Do you pay attention to the person who delivers your food, and would it make a difference if you knew them?

In Moscow, a company called Delivery Club has launched an advertising campaign around the city, and across Russian-language Twitter, filled with photos and personal details of some of their workers.

One example says food will be delivered by “a literature teacher, Abdisattar, who’s interested in mountain hiking and is raising three children.”

Other workers include a member of a writers’ union who has five daughters, a woman who hopes to climb Mount Everest and a man who speaks nine languages.

There has been mixed reaction on social media.

As one Russian news outlet points out, a former news reporter has switched to working for the courier service and is now earning more than she did on television.

According to the article, state controlled Channel One have asked Natalia Andreeva to come back to them, but she has said no. Instead, she is happy to set her own hours of work.

One Twitter user laments that this has become “commonplace”.

“This is not an idea worth criticising, but a reality surrounding us”, the tweet reads.

Another criticises the company for inciting pity, shame and bitterness, referring to a “distinguished Russian artist in his old age forced to deliver food to drunk teenagers.”

Some appreciate the personal touch to the adverts, but one user said the adverts could be seen as demonstrating “only outcasts work in delivery”, when the reality is the couriers are “working to survive.”

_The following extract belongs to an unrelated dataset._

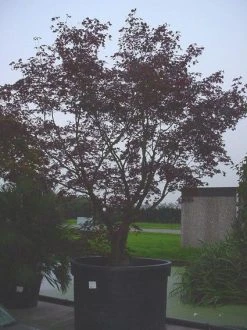 Japanse Esdoorn (Acer Palmatum 'Bloodgood') -Groene Wereld 20070701222051 12 1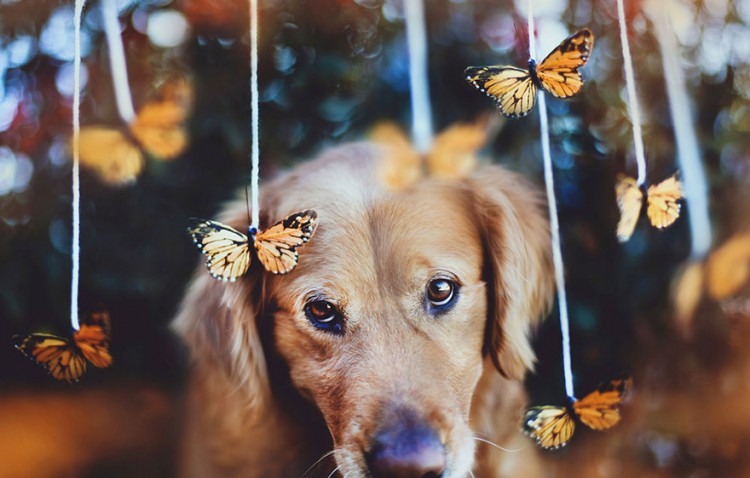 R.I.P Chuppy: These Adorable Photos Will Always Remind Us Of Chuppy The Golden Retriever 5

A spokesperson for, which owns Delivery Club, has explained the thinking behind the campaign in a Facebook post saying: “We wanted to show the workers as real people, not models or actors.”

Delivery Club
This poster says “Your order will be delivered by a football fan. He loves Bollywood movies and Russian music”

Not everyone has criticised the adverts. Some say people should be happy delivery workers earn more than reporters and teachers.

One Facebook user was pleased the campaign “destroys snobbish stereotypes and exposes social problems.”

Some people have seen the funny side, and created their own adverts featuring potential couriers, like this Game of Thrones fan who writes: “Daenarys is interested in fire and raising one child”.